When Vicktor Zolotov, director of the Russian National Guard, briefed his boss, President Vladimir Putin, on the status of military operations in Ukraine on Tuesday, one comment in particular stood out.
“I especially want to emphasize that we feel the support of the population in the liberated areas,” Zolotov told a stone-faced Putin.
In reality, Russia is struggling to rally support from its own troops, according to internal government documents obtained exclusively by Yahoo News describing drunken acts of insubordination six months after Putin’s invasion.
The documents include an incident and assassination report by the military investigative division of the Russian Black Sea Fleet Inquiry Commission regarding an incident on June 19 in which three Russian soldiers were shot dead and two others injured in a firefight with Federal Security Service officers ( FSB), the successor to the KGB, in a bar in Kherson City, on the banks of the Dnieper River.

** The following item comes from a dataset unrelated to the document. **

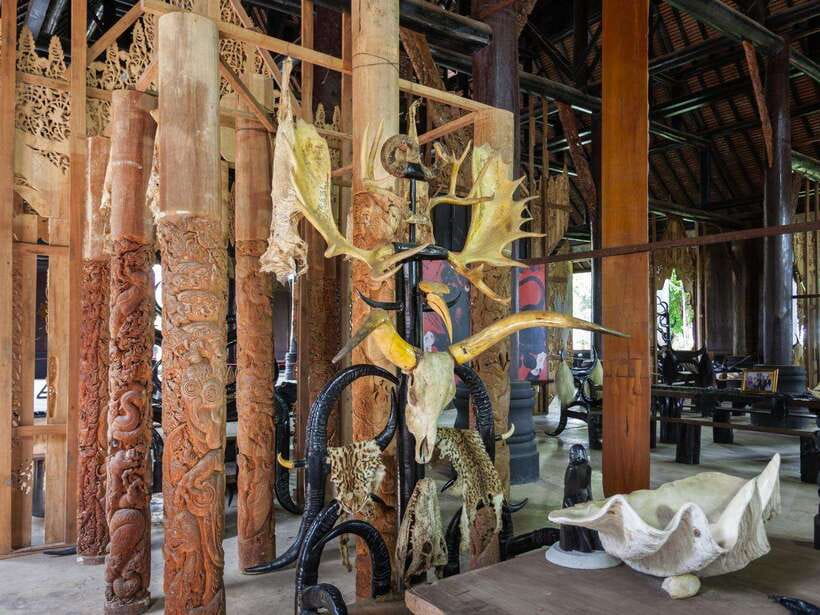 From Chiang Mai: Chiang Rai Famous Temples Guided Tour - Thai lunch and a welcome pause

The city lies at the epicenter of an oblast occupied by Russian forces since late February, from which Ukraine appeared yesterday to launch operations to recapture. Details of that operation are hard to come by as Kiev has announced a media blackout of ongoing military activity. But videos posted to social media show a series of Ukrainian artillery strikes on military installations, weapons and ammunition depots and major bridges have continued in the past 24 hours. In response, Russian air defenses across the oblast have been activated.
Kherson Stremousov, the Russian-appointed governor of Kherson, has fled the region and even recorded a video Tuesday from a hotel in Voronezh, Russia. Meanwhile, there are even unconfirmed reports of gunfire in Kherson’s Pivnichny and Tavriiske neighborhoods.
The FBI’s Russian equivalent can at least testify to gunfire in the city of Kherson two months ago — between Russians.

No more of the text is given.